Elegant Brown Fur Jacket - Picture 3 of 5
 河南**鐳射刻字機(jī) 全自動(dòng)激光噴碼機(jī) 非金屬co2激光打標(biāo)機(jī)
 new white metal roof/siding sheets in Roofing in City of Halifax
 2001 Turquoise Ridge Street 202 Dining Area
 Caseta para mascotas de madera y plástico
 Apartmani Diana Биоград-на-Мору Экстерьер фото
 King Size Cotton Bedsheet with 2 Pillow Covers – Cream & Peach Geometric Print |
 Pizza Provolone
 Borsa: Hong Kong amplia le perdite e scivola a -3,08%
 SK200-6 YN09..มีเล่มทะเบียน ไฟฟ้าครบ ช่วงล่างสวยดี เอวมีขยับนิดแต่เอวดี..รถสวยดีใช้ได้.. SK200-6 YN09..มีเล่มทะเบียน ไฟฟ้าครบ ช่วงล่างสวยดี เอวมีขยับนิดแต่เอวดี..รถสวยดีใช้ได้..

Exercise description: Every record, word for word, must be returned.

Completed exercise:
Elegant Brown Fur Jacket - Picture 3 of 5
 河南**鐳射刻字機(jī) 全自動(dòng)激光噴碼機(jī) 非金屬co2激光打標(biāo)機(jī)
 new white metal roof/siding sheets in Roofing in City of Halifax
 2001 Turquoise Ridge Street 202 Dining Area
 Caseta para mascotas de madera y plástico
 Apartmani Diana Биоград-на-Мору Экстерьер фото
 King Size Cotton Bedsheet with 2 Pillow Covers – Cream & Peach Geometric Print |
 Pizza Provolone
 Borsa: Hong Kong amplia le perdite e scivola a -3,08%
 SK200-6 YN09..มีเล่มทะเบียน ไฟฟ้าครบ ช่วงล่างสวยดี เอวมีขยับนิดแต่เอวดี..รถสวยดีใช้ได้.. SK200-6 YN09..มีเล่มทะเบียน ไฟฟ้าครบ ช่วงล่างสวยดี เอวมีขยับนิดแต่เอวดี..รถสวยดีใช้ได้..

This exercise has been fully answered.